This month we bring you back into the world of patent models with an inventor who has ties to a place many of Hagley’s visitors will find familiar. Anthony Iske, of Lancaster, Pennsylvania, was a prolific inventor who didn’t seem to commit to one industry in particular. Rather, he held a variety of patents across multiple disciplines, totaling in over 200 patents! We are lucky enough to have one of his models in our collection.
This Improved Hospital-Bedstead (Patent No. 77,193) was patented by Iske on April 28, 1868. Iske states that “my invention consists in providing a means to enable an invalid to be relieved from the calls of nature without exertion on his part, and with ease to the attendant, and to facilitate the regulating or raising and lowering of the patient’s head and shoulders, and other minor additions and changes.”

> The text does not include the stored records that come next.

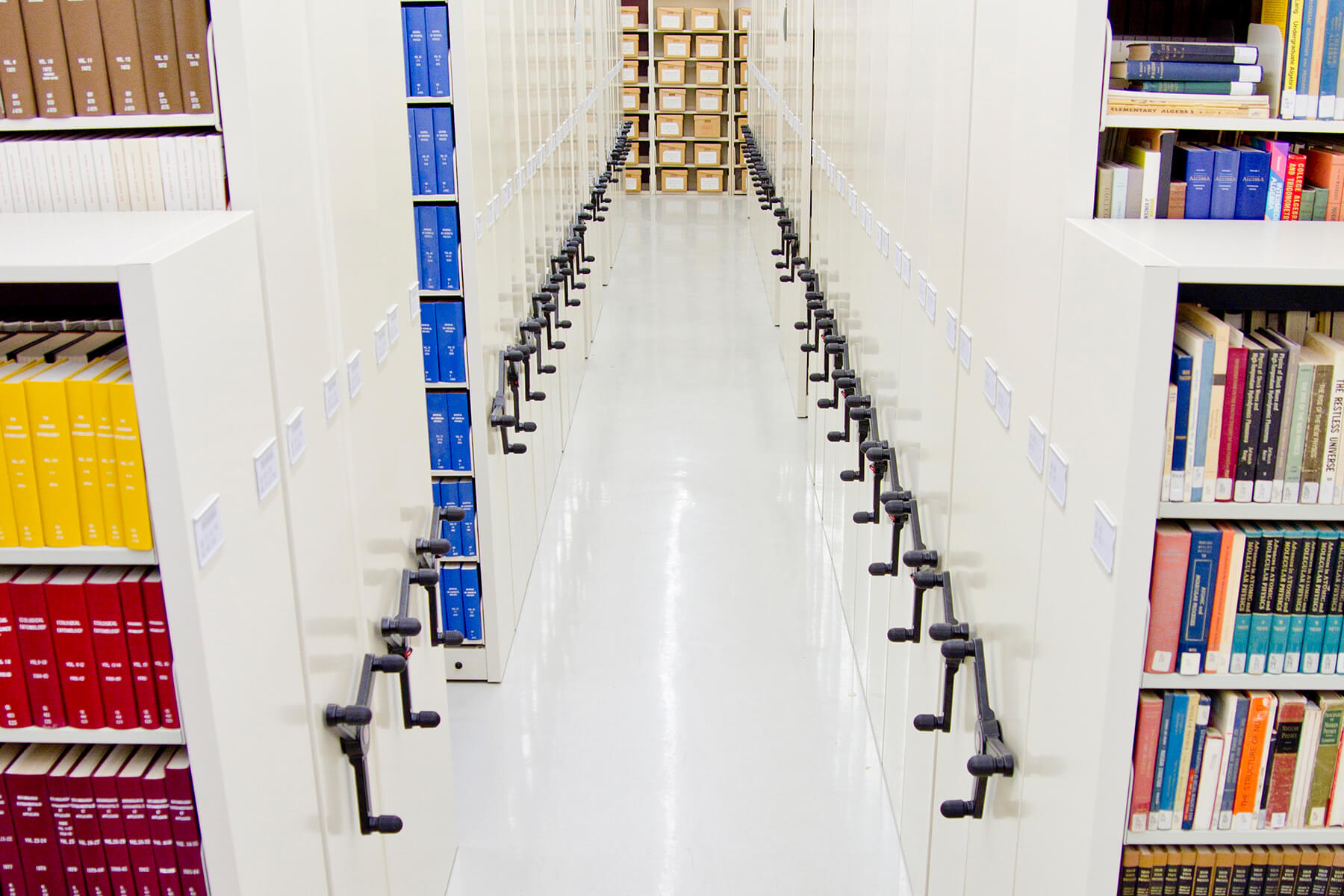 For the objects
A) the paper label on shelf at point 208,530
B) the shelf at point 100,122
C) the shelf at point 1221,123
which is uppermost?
the shelf at point 100,122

Anthony Iske was born in Alsace, France on April 28, 1832 to a machinist father and a mother whose father was a cabinetmaker. After apprenticing in his grandfather’s cabinetmaking business, he assumed its management. One of his specialties was in the construction and decoration of altars. It seems as though Iske’s skills were well-known, even across the sea in the United States. In 1853, he received a letter from a priest suggesting that he come to Lancaster because a skilled craftsman was needed for the construction of a new church.
He obliged and made his way to the United States. The letter had requested he come to Lancaster, New York. By mistake, Iske found himself in Lancaster, Pennsylvania. Regardless, Iske’s skills made him invaluable, and he easily found work constructing altars and pulpits. He settled permanently in Lancaster, never exploring the original opportunity in New York.
Eventually, Iske put most of his focus on his inventions, the variety of which is truly astounding. He is most well-known for patenting the first meat cutter or slicer, as well as a widely-used fire extension ladder. Other inventions include a cigar press, a doorbell, motors, velocipedes, and fire alarms.
His son, Albert, was also included on a number of the patents. These included a milk-protector, a cork-driver, a device for holding fire alarm keys, and a reversible window sash.
The patents listed above only skim the surface of what Anthony Iske achieved before his death in 1920. A quick Google search of Anthony and/or Albert Iske will retrieve pages and pages of results… It really is no wonder that Anthony Iske was known as the ‘Edison of Lancaster’.
Caroline Western is the Assistant Curator, Patent Models at Hagley Museum and Library.